**THE PROBLEM:** Your answer must hold only the lines below from the line containing "Рюкзак джинсовый / neon music" through the line containing "Go 框架如何简化分布式系统开发?", each reproduced exactly.

**RECORDS FOR THIS TASK:**

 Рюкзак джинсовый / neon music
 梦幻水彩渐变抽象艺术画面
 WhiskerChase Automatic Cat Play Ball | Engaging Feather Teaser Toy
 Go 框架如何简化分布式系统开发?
--
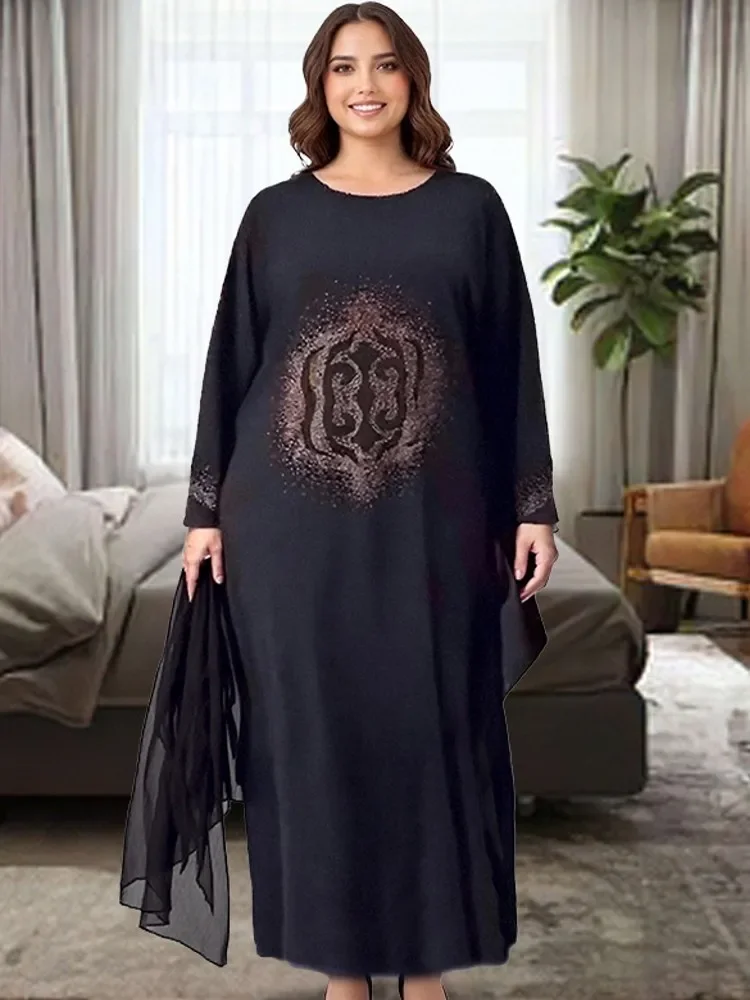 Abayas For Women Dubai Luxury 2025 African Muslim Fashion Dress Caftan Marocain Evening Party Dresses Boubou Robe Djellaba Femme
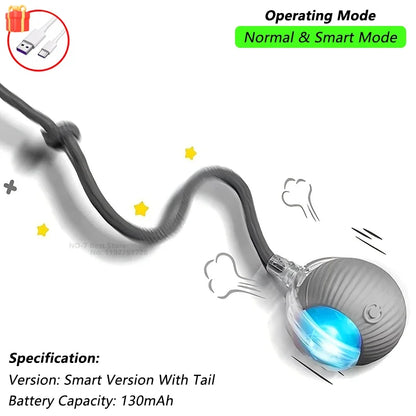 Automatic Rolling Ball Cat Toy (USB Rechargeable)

**RESPONSE TO THE TASK:**
 Рюкзак джинсовый / neon music
 梦幻水彩渐变抽象艺术画面
 WhiskerChase Automatic Cat Play Ball | Engaging Feather Teaser Toy
 Go 框架如何简化分布式系统开发?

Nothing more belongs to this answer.